De rythme et de feu, la compagnie française les Commandos percus sillonne les festivals du monde entier depuis 20 ans, dont Chassepierre dès le début. Où "Silence", leur création 2017, a en partie été travaillée. Les musiciens artificiers, explique la directrice du festival, ont installé leur structure en intérieur afin de travailler les percussions. "Ils ont souhaité ouvrir certaines de leurs répétitions à des groupes scolaires notamment, et proposaient des échanges où les élèves apprenaient un morceau selon la méthode des bâtons, suivant les explications de Raymond Gabriel, le metteur en scène des Commandos percus."
La sortie de résidence, dans leur cas, a été organisée à Florenville, le festival souhaitant y associer une série de partenaires dont la commune de Florenville, le Centre culturel du Beau Canton, le Syndicat d’initiative… dans un esprit d’ouverture et d’échange que cultive le festival.
A l’affût
Gardienne de l’esprit du festival de Chassepierre - qu’elle connaît depuis l’enfance -, Charlotte Charles-Heep est aussi une observatrice attentive du secteur, à l’affût de ses évolutions. "Des formes apparaissent, d’autres s’estompent; les formats changent" , note-t-elle.
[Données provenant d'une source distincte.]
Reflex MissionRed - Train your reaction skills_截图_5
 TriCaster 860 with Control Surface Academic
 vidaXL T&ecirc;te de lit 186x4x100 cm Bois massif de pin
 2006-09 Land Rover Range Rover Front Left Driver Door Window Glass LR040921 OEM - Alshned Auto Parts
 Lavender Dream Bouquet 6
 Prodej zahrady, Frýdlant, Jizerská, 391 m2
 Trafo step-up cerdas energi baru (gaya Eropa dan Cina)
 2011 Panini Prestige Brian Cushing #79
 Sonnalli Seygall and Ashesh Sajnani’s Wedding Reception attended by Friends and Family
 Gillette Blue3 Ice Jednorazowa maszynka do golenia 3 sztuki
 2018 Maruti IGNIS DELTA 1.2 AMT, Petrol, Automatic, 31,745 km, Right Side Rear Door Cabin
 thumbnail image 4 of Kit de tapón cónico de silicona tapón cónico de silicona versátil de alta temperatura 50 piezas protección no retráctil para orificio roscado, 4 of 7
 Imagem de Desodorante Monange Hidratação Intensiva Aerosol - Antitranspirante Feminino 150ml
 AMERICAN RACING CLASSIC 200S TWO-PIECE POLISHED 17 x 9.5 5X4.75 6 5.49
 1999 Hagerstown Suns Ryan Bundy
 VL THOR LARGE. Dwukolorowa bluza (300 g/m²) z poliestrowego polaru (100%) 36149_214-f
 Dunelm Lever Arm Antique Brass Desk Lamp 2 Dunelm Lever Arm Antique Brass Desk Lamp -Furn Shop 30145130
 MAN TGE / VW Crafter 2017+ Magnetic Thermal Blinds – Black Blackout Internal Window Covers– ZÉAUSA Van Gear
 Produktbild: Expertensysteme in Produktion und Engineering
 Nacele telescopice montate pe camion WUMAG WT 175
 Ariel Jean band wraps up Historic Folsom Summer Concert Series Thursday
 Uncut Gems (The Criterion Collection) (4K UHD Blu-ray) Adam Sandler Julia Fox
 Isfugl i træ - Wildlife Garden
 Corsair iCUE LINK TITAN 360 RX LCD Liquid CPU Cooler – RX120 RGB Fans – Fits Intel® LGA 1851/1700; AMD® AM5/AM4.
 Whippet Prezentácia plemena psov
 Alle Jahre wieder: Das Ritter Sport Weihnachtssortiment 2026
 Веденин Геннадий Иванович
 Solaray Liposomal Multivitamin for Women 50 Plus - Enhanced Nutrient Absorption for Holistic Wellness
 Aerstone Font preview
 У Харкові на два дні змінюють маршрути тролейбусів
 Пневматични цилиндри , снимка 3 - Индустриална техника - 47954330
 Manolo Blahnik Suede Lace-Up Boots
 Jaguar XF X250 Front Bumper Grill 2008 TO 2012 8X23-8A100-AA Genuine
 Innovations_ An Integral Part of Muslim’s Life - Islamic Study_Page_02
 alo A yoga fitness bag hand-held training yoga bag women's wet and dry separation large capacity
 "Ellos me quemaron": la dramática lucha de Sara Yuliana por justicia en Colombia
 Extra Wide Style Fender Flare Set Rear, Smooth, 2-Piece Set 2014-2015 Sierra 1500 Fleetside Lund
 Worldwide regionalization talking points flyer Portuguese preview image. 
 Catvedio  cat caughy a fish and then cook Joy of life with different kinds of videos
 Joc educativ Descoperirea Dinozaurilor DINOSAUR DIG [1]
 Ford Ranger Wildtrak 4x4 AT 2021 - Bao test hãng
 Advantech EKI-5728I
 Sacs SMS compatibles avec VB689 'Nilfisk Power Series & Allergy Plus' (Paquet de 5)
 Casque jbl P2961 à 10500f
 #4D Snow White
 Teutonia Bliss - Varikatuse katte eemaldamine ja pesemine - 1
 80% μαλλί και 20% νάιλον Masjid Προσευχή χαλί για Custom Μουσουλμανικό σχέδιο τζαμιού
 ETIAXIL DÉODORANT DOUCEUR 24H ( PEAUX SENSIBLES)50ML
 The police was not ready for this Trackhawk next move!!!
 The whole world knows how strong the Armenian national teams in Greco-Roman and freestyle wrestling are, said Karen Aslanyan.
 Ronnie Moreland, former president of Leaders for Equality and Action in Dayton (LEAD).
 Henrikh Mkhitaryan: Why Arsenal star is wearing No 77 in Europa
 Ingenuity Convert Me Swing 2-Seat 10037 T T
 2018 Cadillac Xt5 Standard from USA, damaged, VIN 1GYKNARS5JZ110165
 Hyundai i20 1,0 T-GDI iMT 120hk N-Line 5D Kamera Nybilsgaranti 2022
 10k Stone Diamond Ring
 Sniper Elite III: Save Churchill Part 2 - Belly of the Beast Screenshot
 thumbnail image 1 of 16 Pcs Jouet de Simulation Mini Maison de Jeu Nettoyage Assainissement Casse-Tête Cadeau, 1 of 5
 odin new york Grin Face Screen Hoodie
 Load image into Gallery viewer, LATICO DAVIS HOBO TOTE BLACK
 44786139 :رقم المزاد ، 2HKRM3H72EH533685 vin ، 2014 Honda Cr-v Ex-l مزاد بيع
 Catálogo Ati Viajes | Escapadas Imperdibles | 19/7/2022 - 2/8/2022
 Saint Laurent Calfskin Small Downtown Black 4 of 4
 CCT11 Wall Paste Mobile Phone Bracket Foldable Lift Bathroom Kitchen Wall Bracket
Les durées, notamment, s’allongent jusqu’à une heure, une heure quinze. "On voit se développer des spectacles déambulatoires, avec des arrêts à quelques endroits, comme une volonté de réappropriation de la ville par les compagnies." Dans le secteur des arts de la rue aussi, les tendances vont et viennent. "Il y a eu un pic des entresorts" (ces roulottes ou petits espaces où le spectateur pénètre pour quelques minutes seulement), "aujourd’hui on voit beaucoup arriver le numérique, mais aussi les arts plastiques. Ça bouge, l’important est de ne pas rester cloisonné dans une vision unique."